1) Pick The Room Size

Now a home theater is not a recording studio, but room acoustics are still very important. You want to hear the dialogue in your favorite movie and you want the bass to hit crips and hard without a lot of mud. 

The best way to ensure you have a great starting place for room acoustics is to get some favorable room dimensions right off the bat. To do this I recommend starting with the Sepmeyer Ratios, but also using a tool called AMROC that is free to use online. 

I have a great video that goes in depth on room ratios and how to use the tools here:

The main thing is to not get overwhelmed by room ratios, but see if you can use them to your advantage when designing the floor plan and ceiling height of your proposed theater. 


2) Build On A Concrete Slab

When you build in a basement or garage or new addition with a concrete slab you don't have to do anything to soundproof the floor. This is a huge cost saver. Concrete is super heavy and concrete in the earth gives you plenty of isolation for a home theater. For this reason I would never build a home theater on a wood deck on the first or second floor of a house. It just isn't the right place for a soundproof home theater. 

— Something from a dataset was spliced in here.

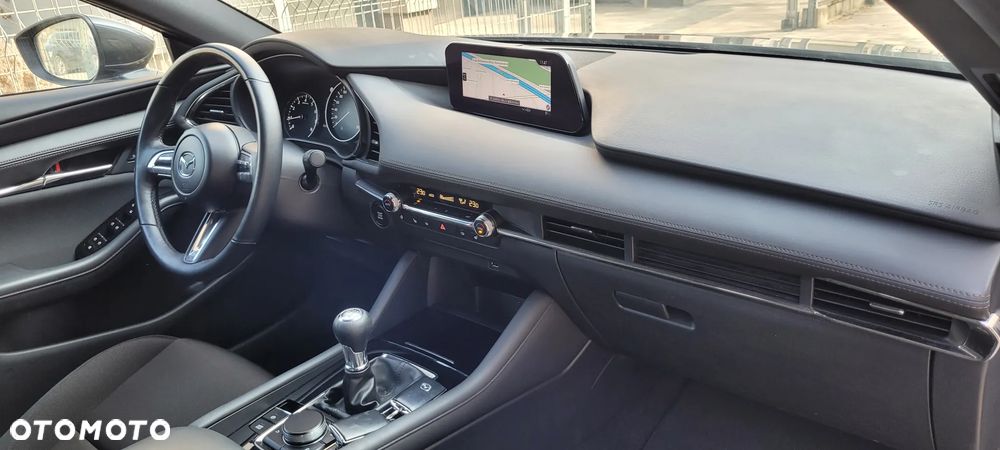Mazda 3 - 12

3) Use A Double Wall System 

Next your walls should be two 2x4 walls with a 1" air gap between them. The walls should each have some owens corning pink insulation in them and should have 2-4 layers of 5/8" type X drywall on them. If the outside wall is your concrete basement wall then simply build a new wall at least 1" from the existing concrete wall. Below is a diagram of a typical double wall system. 



4) Use A Decoupled Ceiling 

The best option for your ceiling is to decouple the drywall from your existing ceiling joists. If you have the room to lose some ceiling height you could frame a new ceiling off your inside wall of the double wall system, but this is usually not the case in most homes where ceiling height is limited. For this reason, I recommend using acoustic clips like the I-B1 Clips, Whisper Clips, or Hush Frame Rafts attached to the ceiling joists and then attaching furring channel to those clips. You then will hang 2-4 layers of 5/8" drywall from those clips. 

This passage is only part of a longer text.